Japan

My heart aches for Japan. My experience in that country is limited to one accidental day when Joan and I arrived too late to make a planned flight connection, but my heart aches anyway. I can’t imagine what it would be like to see my house and car washed down the road by a tsunami. Of course, houses and cars are mere things; what of the staggering multitude whose lives suddenly ended? The images of the disaster in Japan leave me speechless; I have trouble wrapping my mind around devastation that great.

One can take refuge in the reminder of Psalm 46 that God is still God even when the earth moves. When the earth isn’t moving and when the seas are contained, it is not difficult to profess
“we will not fear though the earth give way and the mountains fall into the heart of the sea, though its waters roar and foam...” But when disaster strikes and the earth does give way, it is another matter entirely.

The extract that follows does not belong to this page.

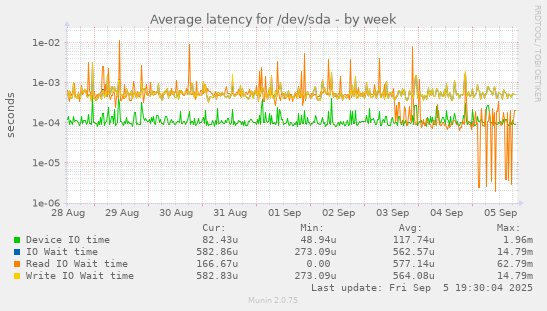 Average latency for /dev/sda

I can understand Job’s silence in the face of God’s questions:

“Who shut up the sea behind doors
   when it burst forth from the womb,
when I made the clouds its garment
   and wrapped it in thick darkness,
when I fixed limits for it
   and set its doors and bars in place,
when I said, ‘This far you may come and no farther;
   here is where your proud waves halt’?”

I’d be silent, too.

I take comfort in knowing that God is not defined by the restless crust of a fallen planet. He whose love knows no limit and who transcends the Richter scale will not waste 9.0.
“I will be exalted among the nations,” he said - the same nations that are in an uproar. In the midst of disaster and in its aftermath, in the gracious acts of relief workers and ordinary people, among those left speechless and those who weep, Lord, be glorified.